- _Your instructions_
Could you give back every entry below exactly, with the pictures dropped?

- _Data for review_

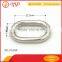 Shiny Nickel Oval Shape Metal Ornament Handbag Accessories with high standard
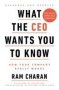 What The Ceo Wants You To Know - How Your Company Really Works   Paperback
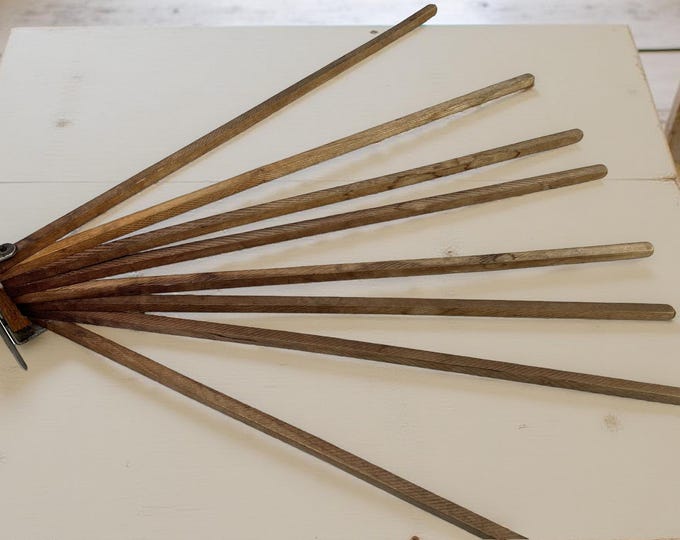 Vintage Wood Drying Rack, 8-arm Wall Mount, Rustic Farmhouse Decor - Etsy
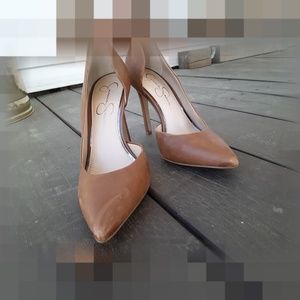 Jessica Simpson Claudette Burnt Umber Leather D'Or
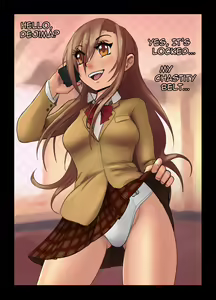 Page 13 of I Was Caught Masturbating by My Maid and She Locked Me in a Chastity Belt! - preview thumbnail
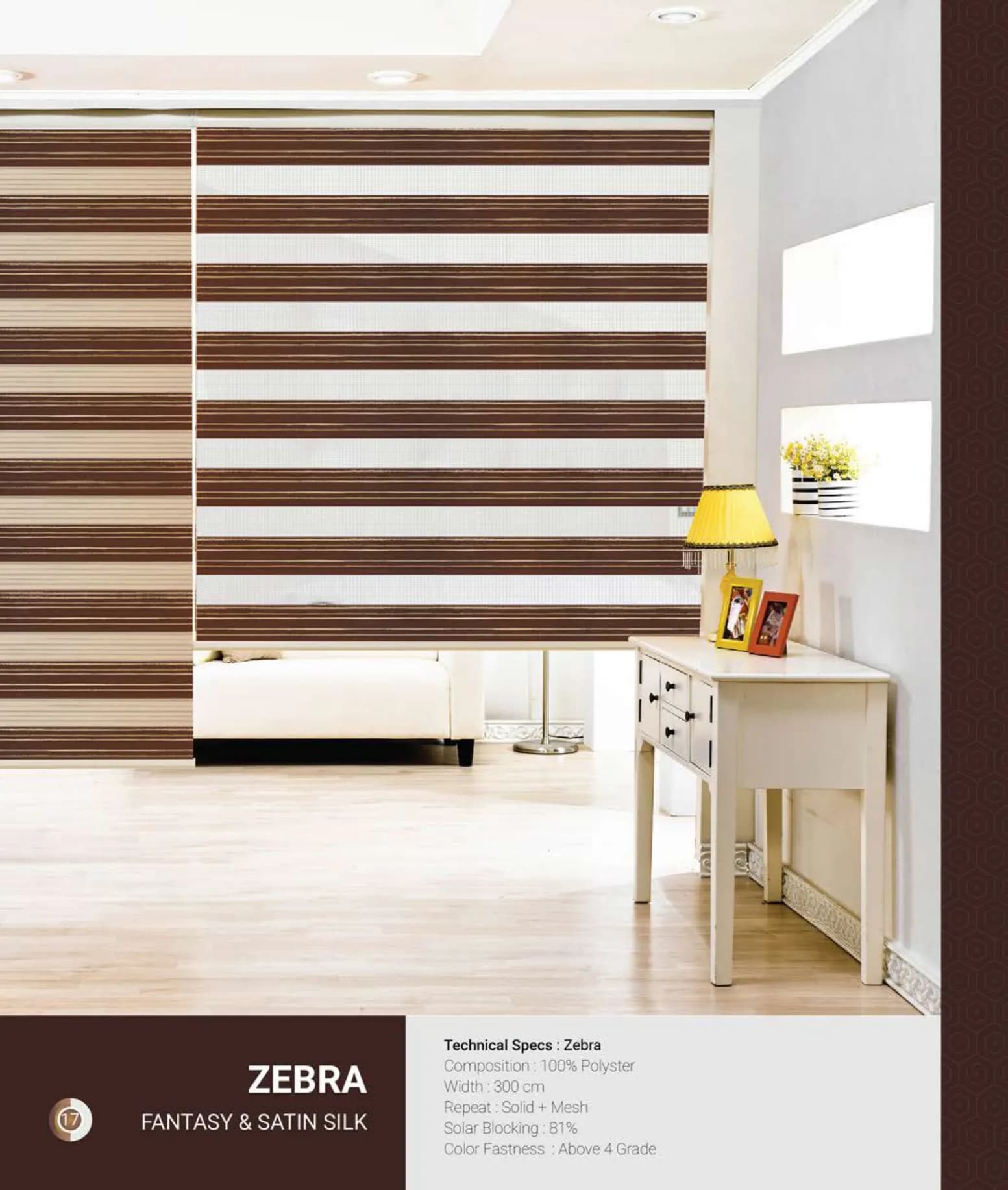 Fantasy Johnson Zebra Blind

- _Completed exercise_
 Shiny Nickel Oval Shape Metal Ornament Handbag Accessories with high standard
 What The Ceo Wants You To Know - How Your Company Really Works   Paperback
 Vintage Wood Drying Rack, 8-arm Wall Mount, Rustic Farmhouse Decor - Etsy
 Jessica Simpson Claudette Burnt Umber Leather D'Or
 Page 13 of I Was Caught Masturbating by My Maid and She Locked Me in a Chastity Belt! - preview thumbnail
 Fantasy Johnson Zebra Blind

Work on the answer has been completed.